Città del Vaticano, 16 mar. (askanews) - Il Papa ha disposto un aggiornamento dell'ordinamento giudiziario dello Stato della Città del Vaticano.

Francesco ha promulgato oggi la legge N. CCCLI, che emenda la legge di Giovanni Paolo II N. CXIX del 21 novembre 1987, successivamente modificata avvenuta con Legge di Benedetto XVI N. LXVII del 24 giugno 2008.

"Da allora in poi molte innovazioni sono infatti intervenute, anche nell'ambito di un ordinamento, quale quello vaticano, finalizzato al governo di uno Stato dalle dimensioni molto ridotte e avente come finalità il supporto alla Santa Sede e alla sua missione", scrive Jorge Mario Bergoglio in introduzione della nuova legge. "Con il nuovo millennio è iniziato un processo di revisione delle Istituzioni dello Stato della Città del Vaticano e una progressiva sostituzione delle iniziali leggi del 1929, contestuali alla sua creazione: nell'anno 2000 è stata adottata la nuova Legge fondamentale dello Stato; nel 2008 la nuova legge sulle fonti del diritto; di recente, nel 2018, ho provveduto anche ad aggiornare la legge sul governo dello Stato della Città del Vaticano, adattandola alle esigenze istituzionali e organizzative intervenute nel corso degli anni.
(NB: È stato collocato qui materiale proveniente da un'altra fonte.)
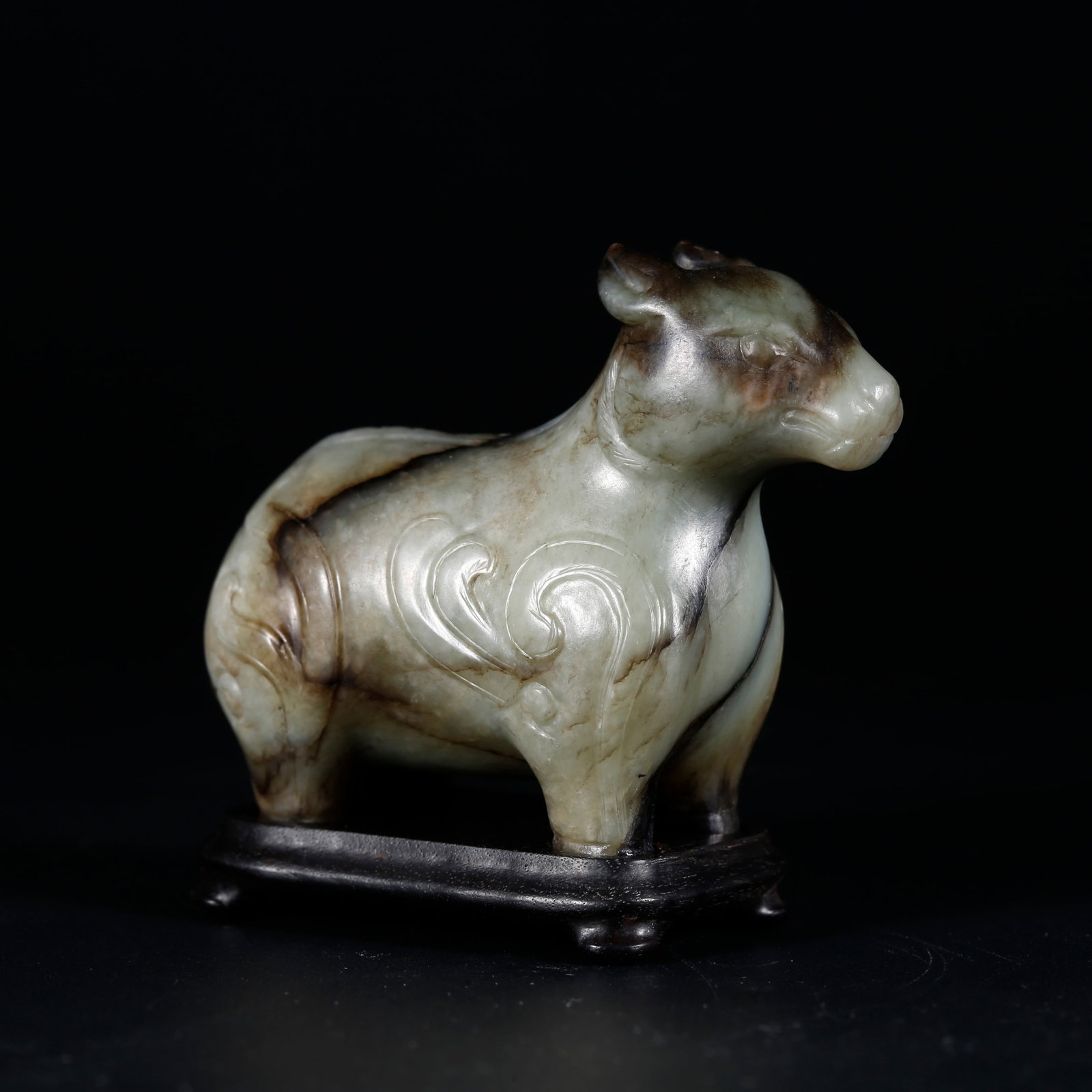 A HETIAN JADE BEAST ORNAMENT (1 of 9)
Nell'ultimo decennio, inoltre, l'ordinamento giuridico vaticano ha conosciuto una stagione di riforme normative in materia economico-finanziaria e penale, anche come conseguenza dell'adesione a importanti convenzioni internazionali. In continuità con quest'opera di progressivo aggiornamento legislativo e di riordino istituzionale, desidero adesso introdurre alcune modifiche all'assetto dell'ordinamento giudiziario, volte ad aumentarne l'efficienza".